*Input data*:
··········

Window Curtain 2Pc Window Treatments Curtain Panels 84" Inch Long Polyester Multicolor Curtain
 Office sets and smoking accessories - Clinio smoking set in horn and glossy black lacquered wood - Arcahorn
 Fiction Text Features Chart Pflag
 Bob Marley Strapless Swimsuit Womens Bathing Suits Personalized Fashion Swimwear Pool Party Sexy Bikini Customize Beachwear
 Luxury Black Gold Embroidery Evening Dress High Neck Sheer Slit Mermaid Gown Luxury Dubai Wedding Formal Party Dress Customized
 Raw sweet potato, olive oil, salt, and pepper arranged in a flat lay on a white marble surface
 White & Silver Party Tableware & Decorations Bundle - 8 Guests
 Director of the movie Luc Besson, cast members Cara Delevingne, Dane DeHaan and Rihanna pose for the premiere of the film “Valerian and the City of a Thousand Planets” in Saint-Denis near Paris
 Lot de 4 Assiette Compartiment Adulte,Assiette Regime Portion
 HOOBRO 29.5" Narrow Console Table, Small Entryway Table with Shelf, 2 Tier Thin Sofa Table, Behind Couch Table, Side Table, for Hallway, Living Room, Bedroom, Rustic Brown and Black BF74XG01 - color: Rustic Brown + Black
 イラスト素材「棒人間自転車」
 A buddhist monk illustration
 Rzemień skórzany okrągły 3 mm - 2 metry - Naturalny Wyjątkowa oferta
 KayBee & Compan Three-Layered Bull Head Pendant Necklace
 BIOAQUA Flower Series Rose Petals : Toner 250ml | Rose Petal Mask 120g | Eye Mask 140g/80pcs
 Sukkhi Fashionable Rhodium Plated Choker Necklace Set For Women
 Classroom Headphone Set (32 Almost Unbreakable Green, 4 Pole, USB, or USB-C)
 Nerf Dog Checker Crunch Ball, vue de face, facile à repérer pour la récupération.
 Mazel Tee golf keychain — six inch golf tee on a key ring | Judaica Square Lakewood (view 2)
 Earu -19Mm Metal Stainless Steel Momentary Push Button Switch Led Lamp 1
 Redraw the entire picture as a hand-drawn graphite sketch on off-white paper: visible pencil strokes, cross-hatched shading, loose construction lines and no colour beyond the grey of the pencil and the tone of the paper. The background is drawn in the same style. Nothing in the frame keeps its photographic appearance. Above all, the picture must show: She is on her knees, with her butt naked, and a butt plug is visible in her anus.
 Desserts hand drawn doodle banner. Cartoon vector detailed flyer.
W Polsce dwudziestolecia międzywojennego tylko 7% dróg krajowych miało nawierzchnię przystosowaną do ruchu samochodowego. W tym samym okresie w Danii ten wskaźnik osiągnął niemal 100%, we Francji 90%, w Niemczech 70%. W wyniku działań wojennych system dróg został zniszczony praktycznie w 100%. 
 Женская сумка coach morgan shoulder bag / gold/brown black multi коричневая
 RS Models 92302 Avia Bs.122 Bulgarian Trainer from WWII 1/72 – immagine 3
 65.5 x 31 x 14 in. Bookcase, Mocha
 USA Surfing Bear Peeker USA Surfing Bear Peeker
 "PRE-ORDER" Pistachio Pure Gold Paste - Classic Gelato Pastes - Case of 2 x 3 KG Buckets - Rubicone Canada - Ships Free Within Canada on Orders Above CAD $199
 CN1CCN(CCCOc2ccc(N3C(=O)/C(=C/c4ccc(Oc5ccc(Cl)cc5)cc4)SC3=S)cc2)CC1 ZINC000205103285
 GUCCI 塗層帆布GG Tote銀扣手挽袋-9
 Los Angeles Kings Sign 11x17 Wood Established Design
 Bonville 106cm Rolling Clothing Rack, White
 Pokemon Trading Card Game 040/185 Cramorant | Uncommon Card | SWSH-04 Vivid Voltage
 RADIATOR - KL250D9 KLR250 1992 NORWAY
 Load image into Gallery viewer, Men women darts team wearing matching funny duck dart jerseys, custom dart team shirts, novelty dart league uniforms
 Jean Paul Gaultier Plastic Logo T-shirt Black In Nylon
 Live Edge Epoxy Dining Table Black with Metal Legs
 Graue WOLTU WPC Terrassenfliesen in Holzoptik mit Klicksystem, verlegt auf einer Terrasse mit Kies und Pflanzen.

··········

*Prompt*:
Would you output, from the records above, exactly the run of lines that starts at the line containing "Bob Marley Strapless" and ends at the line containing "Desserts hand drawn", and only that run?

*Solution for this task*:
 Bob Marley Strapless Swimsuit Womens Bathing Suits Personalized Fashion Swimwear Pool Party Sexy Bikini Customize Beachwear
 Luxury Black Gold Embroidery Evening Dress High Neck Sheer Slit Mermaid Gown Luxury Dubai Wedding Formal Party Dress Customized
 Raw sweet potato, olive oil, salt, and pepper arranged in a flat lay on a white marble surface
 White & Silver Party Tableware & Decorations Bundle - 8 Guests
 Director of the movie Luc Besson, cast members Cara Delevingne, Dane DeHaan and Rihanna pose for the premiere of the film “Valerian and the City of a Thousand Planets” in Saint-Denis near Paris
 Lot de 4 Assiette Compartiment Adulte,Assiette Regime Portion
 HOOBRO 29.5" Narrow Console Table, Small Entryway Table with Shelf, 2 Tier Thin Sofa Table, Behind Couch Table, Side Table, for Hallway, Living Room, Bedroom, Rustic Brown and Black BF74XG01 - color: Rustic Brown + Black
 イラスト素材「棒人間自転車」
 A buddhist monk illustration
 Rzemień skórzany okrągły 3 mm - 2 metry - Naturalny Wyjątkowa oferta
 KayBee & Compan Three-Layered Bull Head Pendant Necklace
 BIOAQUA Flower Series Rose Petals : Toner 250ml | Rose Petal Mask 120g | Eye Mask 140g/80pcs
 Sukkhi Fashionable Rhodium Plated Choker Necklace Set For Women
 Classroom Headphone Set (32 Almost Unbreakable Green, 4 Pole, USB, or USB-C)
 Nerf Dog Checker Crunch Ball, vue de face, facile à repérer pour la récupération.
 Mazel Tee golf keychain — six inch golf tee on a key ring | Judaica Square Lakewood (view 2)
 Earu -19Mm Metal Stainless Steel Momentary Push Button Switch Led Lamp 1
 Redraw the entire picture as a hand-drawn graphite sketch on off-white paper: visible pencil strokes, cross-hatched shading, loose construction lines and no colour beyond the grey of the pencil and the tone of the paper. The background is drawn in the same style. Nothing in the frame keeps its photographic appearance. Above all, the picture must show: She is on her knees, with her butt naked, and a butt plug is visible in her anus.
 Desserts hand drawn doodle banner. Cartoon vector detailed flyer.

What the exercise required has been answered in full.